Tuesday, August 25, 2009

Building a New Kind of Legal Conference

It is ILTA week here in DC as the litigation technologists, purveyors of software and services, geeks, practitioners and others parade through the immense exhibit hall and attend the conferences sessions and seminars. With this event I am reminded of the need to reexamine our legal conferences and search perhaps to craft a new model. This is nothing against ILTA at all – in many respects it is unique and offers value other conferences do not. But it is inescapable reality that if you were to attend three or perhaps just two of the major legal conferences offered in a year you would encounter the same material, studies, information, with nothing truly “new” or “unique” offered.

I understand that conferences such as ILTA or Legaltech are not necessarily geared towards the purpose of advancing the dialogue of legal transformation but rather report on what has happened or is happening. Groups such as The Sedona Conference and the Futures Conference from the College of Law Practice Management in Denver have the aim of exploring potential for change and looking to prepare or even craft solutions and guidance. The other difference being between many gatherings is that in some “vendors and sales” drives the agenda and even makes such gatherings possible through underwriting and sponsorships while other conferences are self-funded through grants or attendance fees. I will leave it to readers to debate the value of each. Needless to say both serve a purpose just perhaps not the same one.

It is difficult and would leave the end-product too bloated or diluted to look to combine all the best of the annual masses of legal conferences into one big one. But there is room for changing the model of how these conferences are constructed and participated in. I envision an event that is scholastic and academic in approach, bringing into its folds the practitioners, experts and others who have relevant voices for advancing the profession and for changing it (not just something to sell). I am not a revolutionary who seeks change simply to cause havoc and unrest but I am a transformationalist – one who understand the profession is in the midst of fundamental pressure to change – and I want my voice to be heard as to how best to adopt the change and integrate new ideas and models into the process and practice of law.

I believe that the folks who are gathering in DC this week for ILTA would gain much to be active participants in a Sedona event while most Sedona attendees would do well to attend ILTA (and I believe many do). I believe the likes of CIO.com should be embraced in this environment to capture the thoughts and ideas of this profession – as the decisions on ediscovery, discovery technology, legal spend software, time keeping, etc. are moving into the CIO suite – both within firms and in corporations.

Just some ideas. All the boondogglers out there have no fear – many other conferences will remain for your pleasure.

Wednesday, August 19, 2009

Open Content & Legal Education Tranformation

Changing the landscape of how higher education operates is perhaps a bit too humble. Revolutionizing the business of higher education is much more succinct. In reading last months issue of Fast Company the article “How web-Savvy Edupunks Are Transforming American Higher Education” my first thought was that I would like that title – Edupunk. My second was that this “transformation” should and could be applied to law school.

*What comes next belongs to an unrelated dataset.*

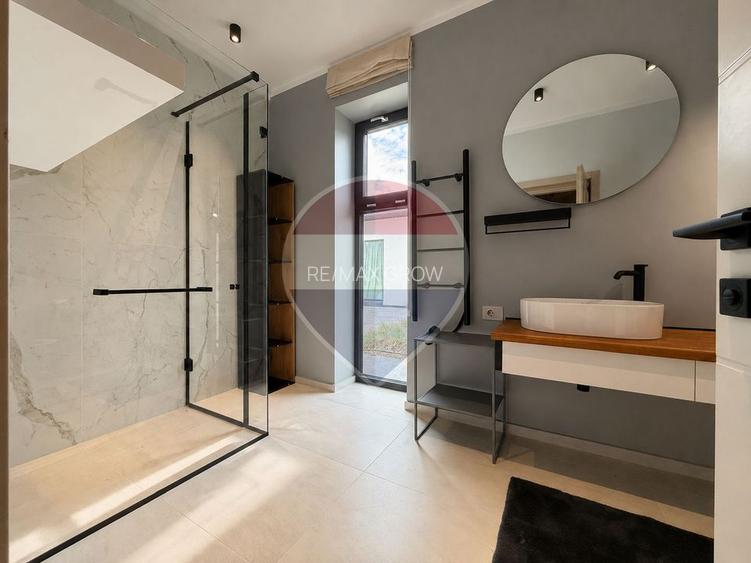 Casa/Vila exclusivista 8 camere de inchiriat - Serbanesti, Bacau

The legal industry is facing its own transformation. Why allow the transformation to begin with just the practice why not at the inception of the industry – law students. Law school like the law is a stalwart institution that does not change easily. There are many reasons for this that I will not go into now. Nevertheless, it can change and the easiest is for the consumers (law students and prospective law students) to force it – even create it themselves.

Content is like water in many ways – it seeks to be free and will always find a way out of most things that try to contain it. Education is pure content. Books are being digitized. Lectures are being taped and disseminated over the Internet. Learning is happening virtually. But all of this is currently happening in one of two ways in our law schools. One, is on a school-by-school basis – each with its own protocol and agenda for allowing access to content outside its lecture rooms. These are typically extremely primitive and often lack such basics as user-friendly user interfaces and security measures. The second way is by grassroots sharing. What began as sharing hand written outlines amongst peers or study groups to prepare for exams has expanded into the virtual world of virtual workspace, other-internet media, file sharing and even social networking tools.

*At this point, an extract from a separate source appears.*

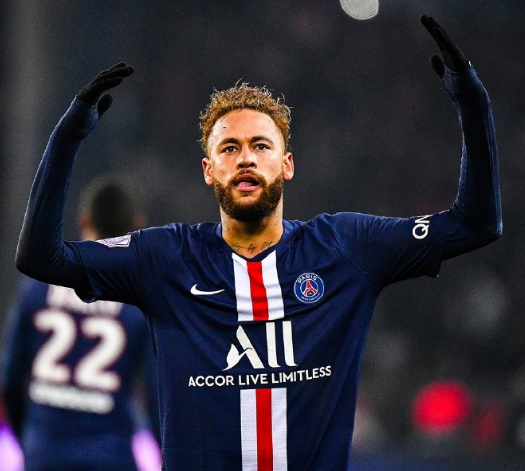 踢球者评德甲第11轮最佳阵容：卡尔、奥利塞、于帕、拜尔入选（踢球者公布德甲第11轮最佳阵容：卡尔、奥利塞、于帕、拜尔在列）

Law schools charge a premium for their content. Much of it is identical to all other law school. In fact, most first year law students are learning the exact same thing whether they are attending Yale or Quinnipiac. The classes are the staples, the foundation for the remaining two years. So if all content is the same at least for the first year (arguable for all three years) why is it that law schools charge differently and what are they charging for anyway? Obviously it is the professors’ salaries and the facilities in which they lecture. Opening the content of education would erase those costs or most of them anyway.

Then again many make the argument that law school has little to do with the actual practice of law (that is what first year associate-hood is for) and nothing to do with the business of law (that is for some partners and all solos).

Perhaps opening content is not enough – transforming it also necessary. For that see Mr. Paul Lippe.